Самоучка, за всю свою жизнь только полгода пробывший в начальной школе, Горький не переставал учиться всю жизнь и знал очень много. И к тому, что он не знал, у него было трогательное, какое-то детски-почтительное отношение. Эту черту мне приходилось наблюдать в нем много раз.

За окном выстрелы слышались ближе. Я невольно вспомнил вслух о налетах немецких цеппелинов и аэропланов на Англию, о способах, которые там применялись для борьбы с налетами. Опять что-то новое для Горького, то, чего он не знал – и что, конечно, должен был знать. Но в дверь уже не один раз заглядывала секретарша с письмами и гранками. "Слушайте, если вы можете подождать меня немного, мы пойдем ко мне обедать, а?" – предложил мне Горький.

Он жил в верхнем этаже огромного петербургского дома. Совсем недалеко, вправо, из окон видны серые стены и золотой шпиц Петропавловской крепости…

Хозяев было двое: Горький и его вторая жена, М. Ф. Андреева, бывшая актриса Московского Художественного театра. Но за столом сидело не менее десяти – двенадцати гостей. Иные, как я не без удивления узнал потом, жили "гостями" в доме Горького уже несколько лет – так, как это водилось в русских помещичьих домах.

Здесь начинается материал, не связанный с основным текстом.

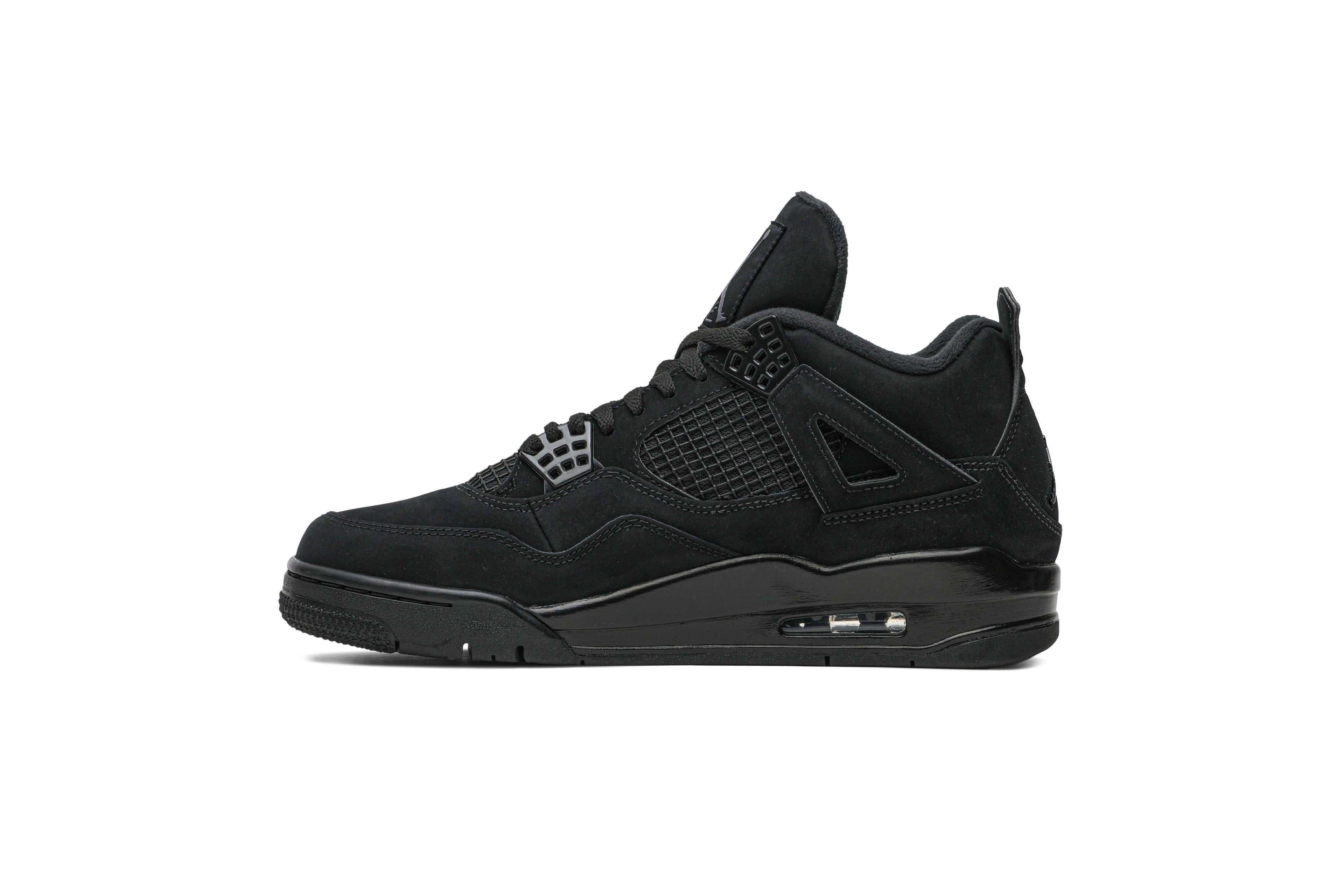 Air Jordan 4 Retro &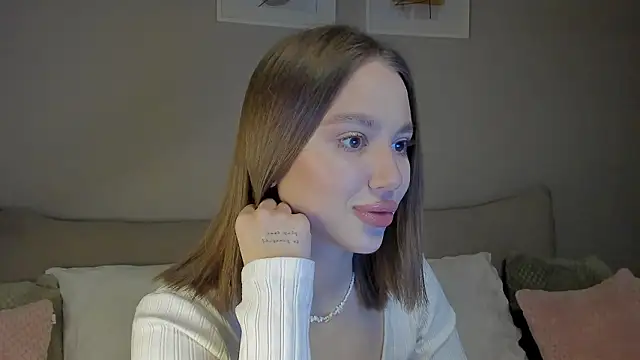 Stefa Evans online show from February 2, 6:50 pm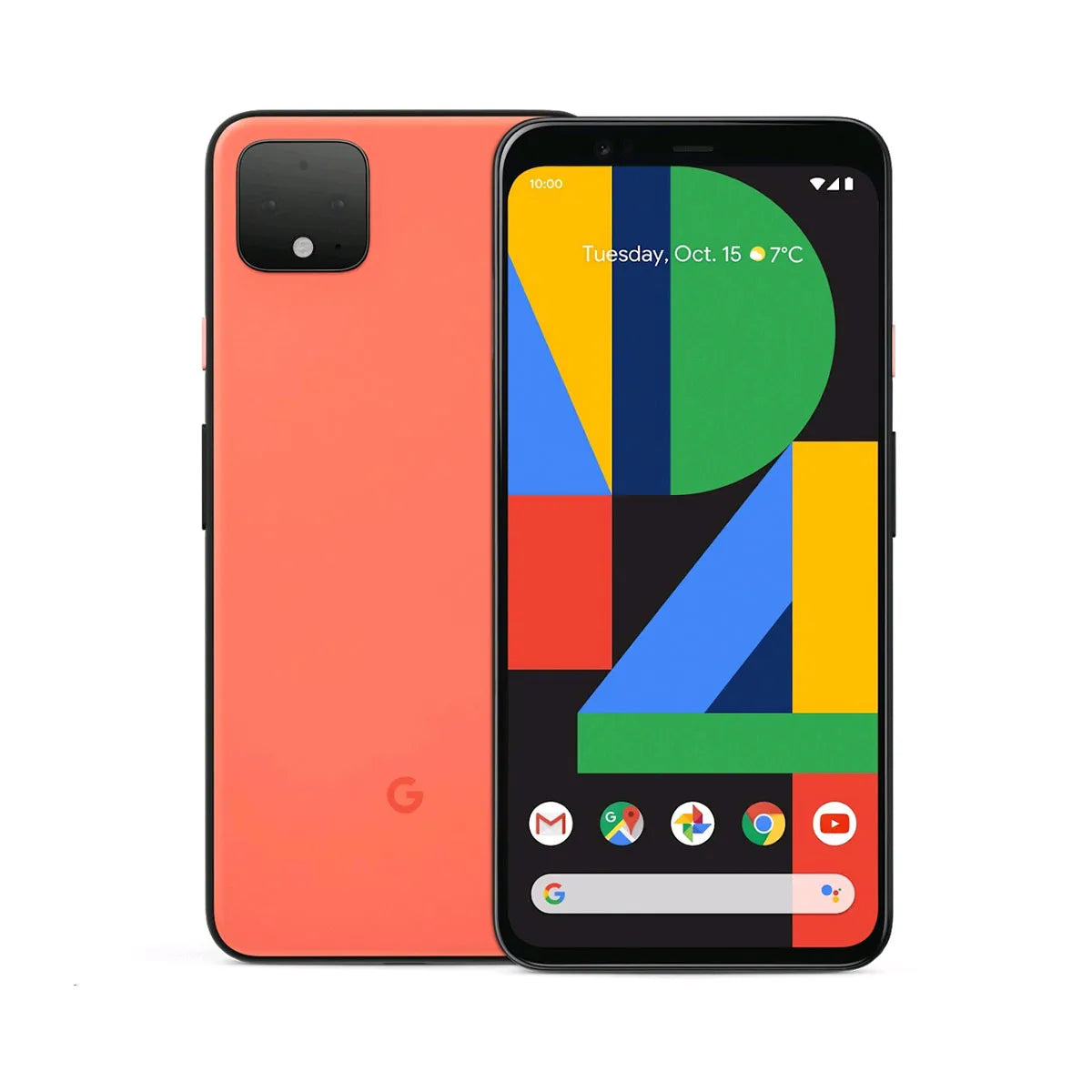 Pixel 4 64GB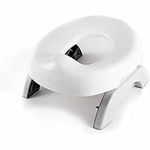 Summer Infant My Travel Potty Deluxe White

Когда Горький имел дело с новым, чем-нибудь заинтересовавшим его человеком, он умел быть обворожительным, как женщина. Для этого ему нужно было немного: только начать рассказывать о каких-нибудь своих приключениях и встречах с людьми. Рассказчик он был превосходный, люди, о которых он говорил, оживали и садились с нами за стол, их можно было видеть и слышать. Некоторых из этих людей я встретил позже в книге Горького – и мне показалось, что Пешков в тот вечер рассказал о них еще лучше, чем Горький в своей книге.

Недели через три или через месяц одиночные ружейные выстрелы, которые были аккомпанементом к моей первой встрече с Горьким, превратились в трескотню пулеметов и в глухие удары пушек: на улицах Петербурга шли бои, это была Октябрьская революция. Огромный корабль России оторвало бурей от берега и понесло в неизвестность. Никто, вплоть до новых капитанов, не знал: разобьется ли корабль вдребезги или пристанет к какому-нибудь неведомому материку.

Однажды утром, сидя в заставленном книжными полками кабинете Горького, я рассказал ему о возникшей у меня в те дни идее фантастического романа. Место действия – стратоплан, совершающий междупланетное путешествие. Недалеко от цели путешествия – катастрофа, междупланетный корабль начинает стремительно падать.